I am a true admirer of Zeitlin’s vision and artistry in Beasts. Immediately upon exiting the theater, all I could say was that the film “gave me a lot of feelings,” which I think is a testament to the complexity and beauty of his storytelling. It the representations had been all negative, I would have left the theater angry. If they had been all sentimental, I’d have left feeling only manipulated. Instead, I was thoughtful, confused, and most of all affected. After letting the film settle in my mind a bit, I see Zeitlin as a sort of Steinbeck: a man who has told a beautiful story about a people he has great admiration and compassion for, but who’s outsider status ultimately defeats his good intentions in critical ways.
Please read carefully: I am not implying that people are not allowed to tell stories about communities they are not from, full stop. What I am saying is that it’s possible to have great intentions, make a beautiful film, and still be interacting problematically with trope and stereotype. And I’m saying that no matter how beautiful and necessary the film is – and this one is – it doesn’t make up for the fact that oppressed people rarely get to tell their own stories, even in independent film.

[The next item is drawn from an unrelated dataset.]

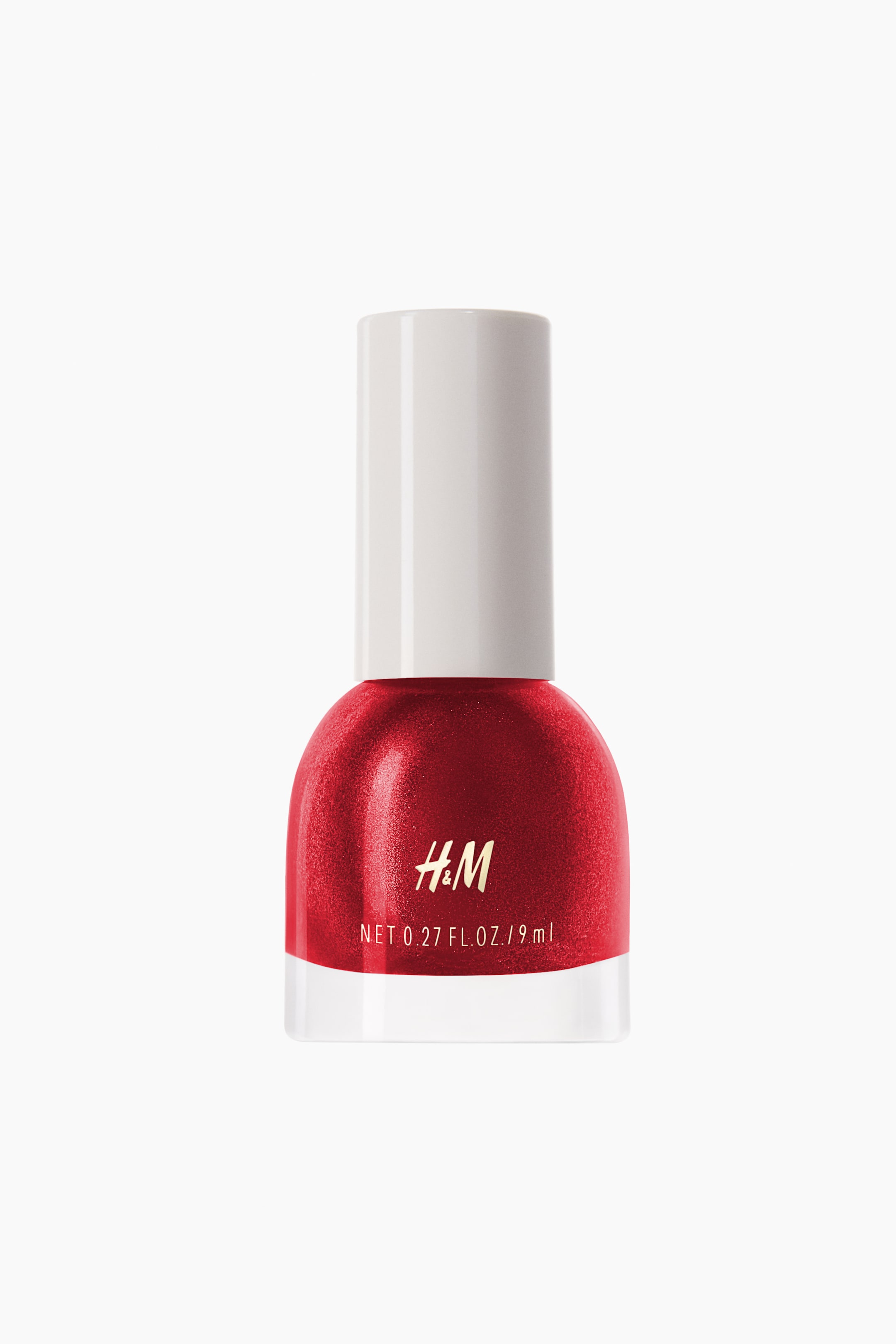 View larger image: The nail polish bottle showcases a gleaming red lacquer encased in its transparent, rounded glass vessel. A white cylindrical cap crowns the bottle, with gold H&M branding and volume specifications prominently displayed on the front.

As for my expectations, I am both glad and disappointed that they were toppled. As I said, I was expecting better than the old angry-man/whore-woman dichotomy, and that was disheartening. But in the case of my expectations of fanciful not-real horror, it is to Zeitlin’s credit that I did not get them fulfilled. Katrina is no biblical flood story that can be put on as a church pageant.
In the end, I find myself wondering how this film is playing in the 9th ward. I may have a deep sense of political solidarity with that community, but I don’t have any blood ties or personal relationship to it and I wish I could hear their myriad voices in response to this.
I do know what my father would have thought. If he were still alive, and I were still a child, he would have picked up Wink’s “You the Man!” parenting tag-line and used it to beef up my confidence. He would have played Beasts of the Southern Wild with me, pretending to be a prehistoric buffalo-pig while I rode on his back, fighting the terrifying, horrifying obstacles that came my way.